Dr. Thompson: There are a number of lessons learned for physicians who were either displaced or trying to get into Louisiana to volunteer. One of the critical lessons is it's important to have your credentials verified by a credentials verification organization. Secondly, the states learned that it's important that they have emergency planning, including communications systems and a place for backup data to an off-site location.
One of the great concerns that we have, and that the state medical boards have, is that a time of emergency seems to attract unlicensed practitioners or known predators into an area. What we saw, regrettably, in Hurricane Katrina was a knee-jerk response to waive licensing requirements both for physicians going into Louisiana and for displaced physicians from Louisiana going to other states. All that was totally unnecessary because we have the capability of verifying licensure status within hours through our database at the federation. The waiving of licensure requirements could have been avoided and [prevented] the potential risk of putting patients at risk to being exposed to unlicensed practitioners or known predators.
AMNews: What have the federation and boards done to address scope-of-practice legislation?
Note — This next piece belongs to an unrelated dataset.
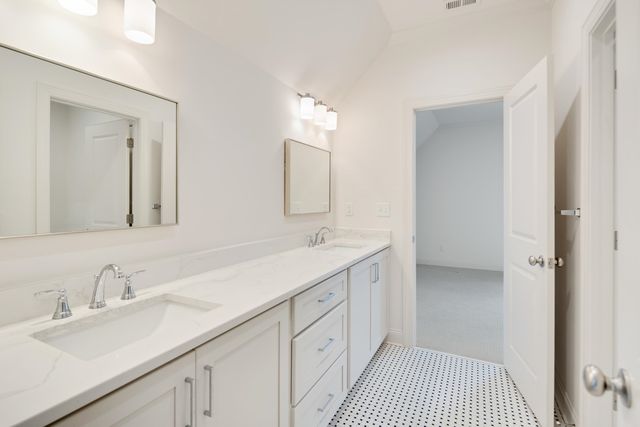 9071 N WINSTON WOODS CIR, Germantown, TN 38139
Dr. Thompson: The state medical boards have adopted policy that looks at scope-of-practice issues, and it has done so primarily for the purpose of giving guidelines for state medical boards and state legislators to use when making judgments about whether there should be an expansion of scope of practice. Our document doesn't say who should do what, but basically gives guidelines for legislators: ... What is the scope of the formal education? Is there an accreditation process? Is there a regulatory mechanism that includes licensure and certification for that type of practitioner? Should someone wishing to expand their scope of practice be allowed to independently practice or be required to collaborate or even be under supervision under someone else when they practice?
AMNews: What legislation is being considered on the state level that would affect how medical boards license and discipline physicians?
Dr. Thompson: There's not a lot right now. Several of the things that are growing in interest are the concern about assuring the public that physicians are maintaining their competence throughout the lifetime of their practice. ... Secondly, a number of states are requiring reporting of malpractice information. It's not clear at this time what that information means other than providing additional information about an individual's practice.